Durante la sua direzione dei CDC nel corso della pandemia, Redfield è inoltre stato oggetto di critiche sia da parte di ex dirigenti e scienziati pubblici per presunte difficoltà nel promuovere raccomandazioni basate sui dati a fronte di pressioni politiche, sia per il ruolo ambiguo in alcune comunicazioni iniziali degli Stati Uniti sulla risposta al COVID.

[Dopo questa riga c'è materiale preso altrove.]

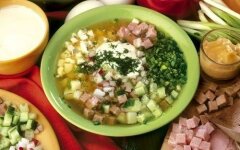 Мясная окрошка со свежим огурцом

Questo non invalida automaticamente le sue opinioni, ma contribuisce a fornire un quadro più completo del contesto, che nell’articolo non viene presentato. Quadro che forse l’autrice dell’articolo non ci tiene che voi vediate nella sua interezza.
Concludendo
Ci sarebbero molte altre cose da dire sull’articolo pubblicato da La Verità, ma come ripete spesso la nostra Noemi: basta parlare di vaccini anti-COVID. Purtroppo chi continua a pubblicare oggi articoli di questo tipo raramente lo fa per informare. Più spesso serve a rafforzare nei propri lettori la convinzione di essere sempre stati dalla parte della ragione, anche quando i dati e le evidenze scientifiche raccontano una storia diversa.
Continuare a riproporre narrazioni selettive o basate su opinioni personali non contribuisce al dibattito pubblico, ma alimenta solo confusione su temi che meriterebbero rigore e responsabilità.
Per questo, almeno per quanto ci riguarda, ritengo oggi non sia utile aggiungere altro.